Fig. 7 also shows a sensor 28 for detecting the wear of roller 14, for instance of the type described in WO 2022023939 Al, which cooperates for such detection with an L- shaped bracket 34 (Fig. 3) carried by supporting assembly 31 of roller 14.

The invention actually solves the problems of the prior art. Indeed, the use of a cam 11 tracks 12 and 13 of which extend over the whole 360° of the rotation cycle of turret 100 and the engagement of roller 14 with the tracks over the whole of the path run by the heads eliminate the impact of the roller against the cam when the roller arrives in the region where such a cam is located. Moreover, such an arrangement provides support during the whole of the cycle to head 1 having been deactivated while the turret continues rotating to perform capping with correctly operating heads 1. Furthermore, the uprights having guiding and anti-rotation functions are not required.

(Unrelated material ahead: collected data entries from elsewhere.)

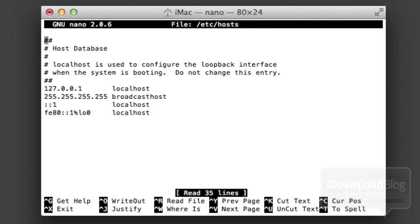It may ask you to enter your password, your administrator password. Just put that in if it does ask you for it.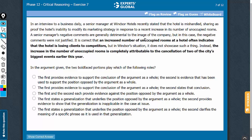Step 1: figure out the conclusion. This part here — that the negative comments are not justified — is the conclusion. Step 2 is to link the two bold faces with the conclusion. The first bold face is a universal truth that supports the conclusion, and the second bold face is a consideration that also supports the conclusion. With that groundwork, let's look at the answer choices.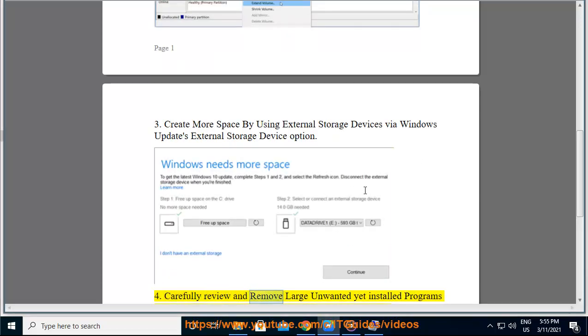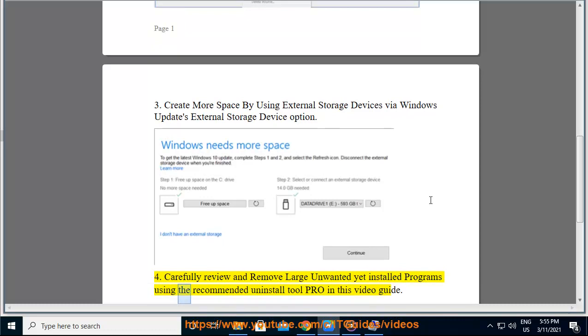Tip 4: Carefully review and remove large unwanted yet installed programs using the recommended uninstall tool pro in this video guide.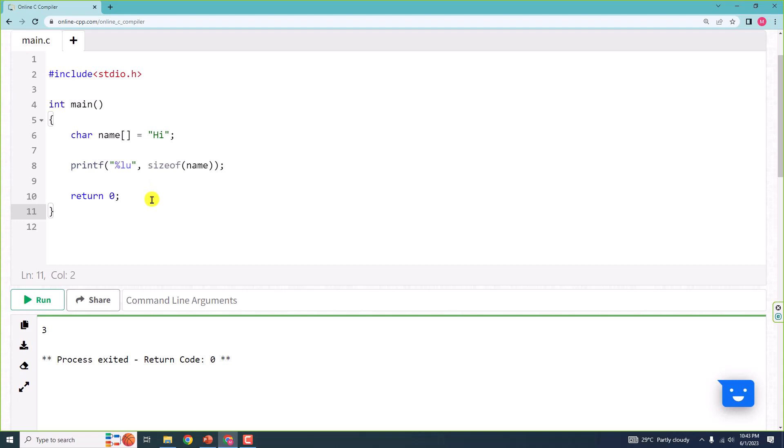These are the basic things that we can do with an array. In the next video, we will learn some more things that we can do with an array, and then we will learn about the functions of arrays. I want you to practice everything that we have learned in this video. I will see you in the next video. Till then, take care and thank you for watching.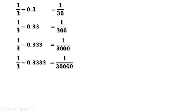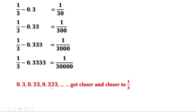That means 0.333 is closer to 1 by 3 than 0.3, and 0.3333 is still closer to 1 by 3 than 0.333. So we can say 0.3, 0.33, 0.333, etc. get closer and closer to 1 by 3. If you increase the number of 3's, it gets closer and closer to 1 by 3.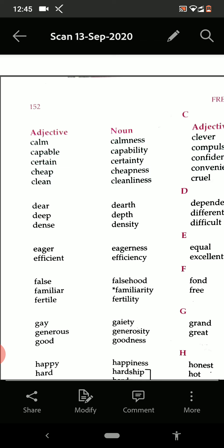From D, you can see: deep — depth. Dense — density.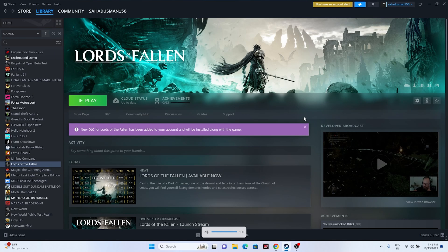Hello guys, welcome back to GoodDroidTips. In this video we're going to talk about how to fix Lords of the Fallen crashing issues, not launching, freezing, stuttering, lagging, low FPS drop, stuck on loading screen, and even the black screen issue which is happening for many users right now, and how we can fix these.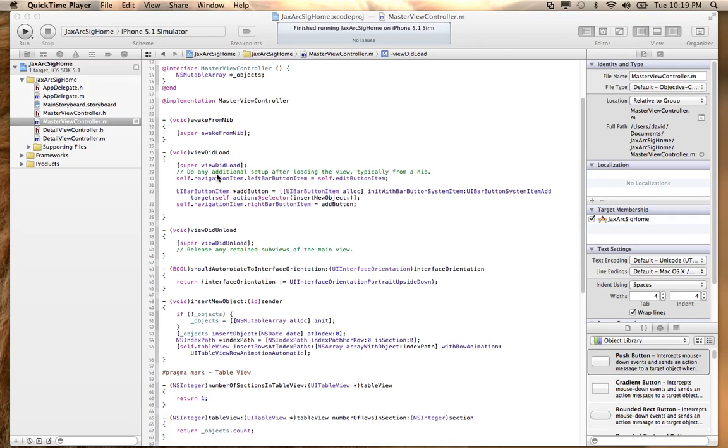This screencast will show exactly what I was trying to demonstrate with the Web API and trying to integrate that into your iOS application.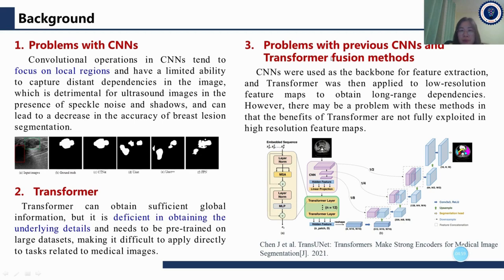It is natural to combine CNN with Transformer. However, there are problems with previous CNN-Transformer fusion methods: CNN was used as the backbone for feature extraction, and Transformer was then applied to low-resolution feature maps to obtain long-range dependencies. The benefits of Transformer are not fully exploited in high-resolution feature maps.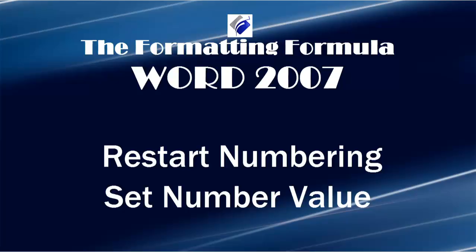Hi, Michelle Seitz here. You're watching Restart Numbering and Set Number Value.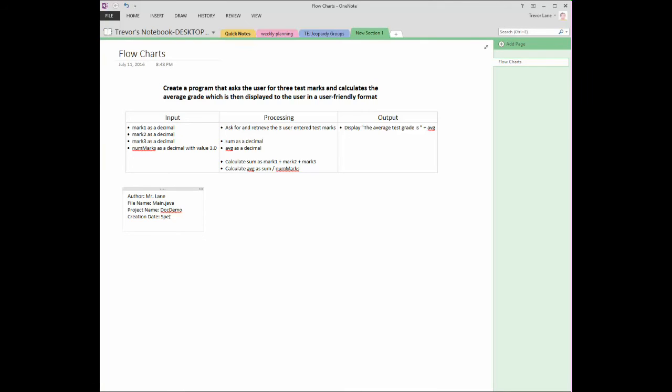Following that, we have our creation date. What date did you first create this file? In this case, maybe it's September 25th, 2016.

It is clear that the above description is given only by way of non-limiting example and that changes and modifications are possible without departing from the scope of the invention.

More particularly, the mechanical components forming the translating assemblies and their association with the actuators can be replaced by components having the same functions.

Moreover, even if the drawings show a capping machine in which the linear axis and the rotary axis, corresponding to the axes of rods 20, 30 (Figures 2A, 2B. 4, 5), respectively, are offset relative to each other, it is possible to arrange them in alignment, by suitably dimensioning cam 11.

Still further, even if a turret capping machine has been disclosed, the invention can be applied also in the case in which the heads move along a rectilinear path during capping.